October 1, 2009

Bylaws

As amended by a Mail Meeting in December - January 2007-08 and further amended at the Biennial Members’ meeting, Panama City, Panama, April 3 2008.

Download a doc version of the Bylaws

Article I.  Name and Office

  • Section A.  Name.  The name of this organization shall be IAVE, the International Association for Volunteer Effort.
  • Section B.  Offices.  The principal office of IAVE shall be located at such place as the Board of Directors shall determine.
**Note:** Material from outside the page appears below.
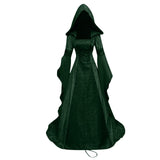 Damen Mittelalter Kleid Langarm Gothic Viktorianischen Königin Kostüm Renaissance Kleid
Article II.  Purpose and Policies

  • Section A.   Purpose.  The purposes for which IAVE is formed are:
  1. To promote, strengthen and celebrate volunteer effort worldwide.
  2. To encourage voluntary participation in improving the quality of life in communities and neighbourhoods throughout the world.
  3. To provide opportunities for exchange and interaction at the world  conference, regional meetings and national gatherings.
  • Section B.   Policy.  The policy of IAVE is:
  1. Universality. IAVE is a worldwide organization in which all societies have equal status and share equal responsibilities and duties in helping each other.
  2. Impartiality. IAVE makes no distinction as to nationality, race, religious beliefs, class, political opinions, or other individual differences.
  3. Neutrality. IAVE may not take sides as an organisation in hostilities or engage at any time in controversies of a political, religious or ideological nature.
  4. Integrity. IAVE requires the highest standard of ethical behaviour from its members in all matters relating to IAVE and the conduct of its business.

Article III.   Membership

  • Section A.   Classifications.  The Board of Directors may establish such classifications of membership as it may see fit, including but not limited to individual and organizational memberships.
  • Section B.   Individual.  Any individual who shares a commitment to the purposes and policies of IAVE may become a member of IAVE.
  • Section C.  Organization.  Any organization or agency that shares a commitment to the purposes and policies of IAVE may become a member of IAVE. Each organization or agency shall specify the person who shall be its designated representative at the time of payment of membership dues.
  • Section D.  Associate.  Members of IAVE National Associations who are not also members of IAVE are associate members of IAVE; they are non-voting and do not hold office at the international level.
  • Section E.  Honorary.  The IAVE Board of Directors may confer honorary membership upon internationally prominent individuals who are not members of IAVE.  Honorary members are non-voting and do not hold office.
  • Section F.  Good Standing.  In order to be in good standing, a member shall pay current dues and fulfil all requirements of membership as approved by the IAVE Board of Directors.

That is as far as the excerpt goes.